(Work instructions)
Print, from the listing below, the lines starting at the line containing "BILLABONG womens S" and ending at the line containing "CHANEL 21S Pink", exactly as they stand, and print nothing else.
(Beginning of Data)
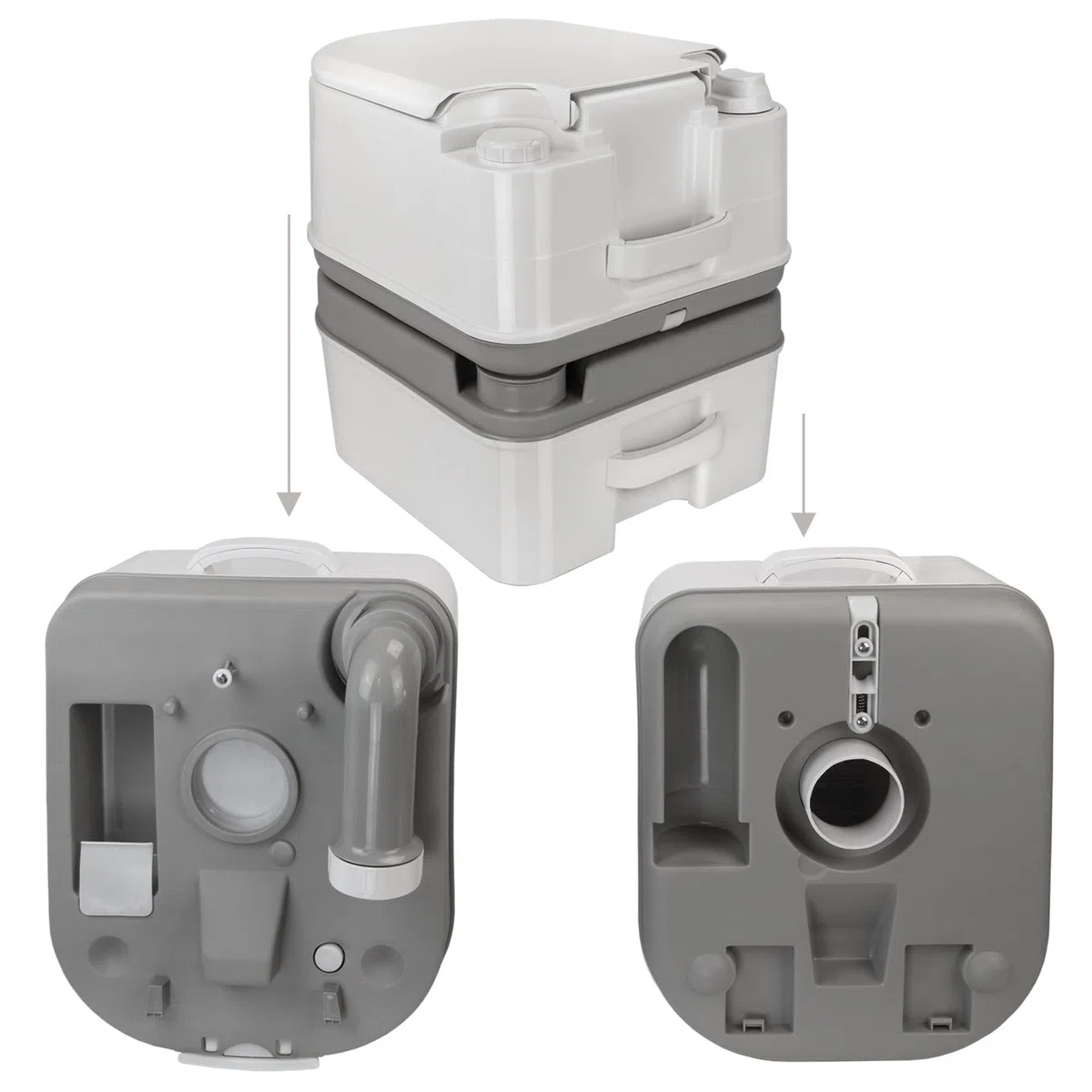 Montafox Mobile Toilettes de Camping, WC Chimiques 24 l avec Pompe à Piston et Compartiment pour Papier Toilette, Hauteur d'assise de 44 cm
(End of Data)
(Beginning of Data)
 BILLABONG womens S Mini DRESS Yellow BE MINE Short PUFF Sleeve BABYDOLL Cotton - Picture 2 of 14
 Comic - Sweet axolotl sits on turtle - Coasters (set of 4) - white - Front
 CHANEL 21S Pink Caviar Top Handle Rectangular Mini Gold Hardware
(End of Data)
(Exercise solution)
 BILLABONG womens S Mini DRESS Yellow BE MINE Short PUFF Sleeve BABYDOLL Cotton - Picture 2 of 14
 Comic - Sweet axolotl sits on turtle - Coasters (set of 4) - white - Front
 CHANEL 21S Pink Caviar Top Handle Rectangular Mini Gold Hardware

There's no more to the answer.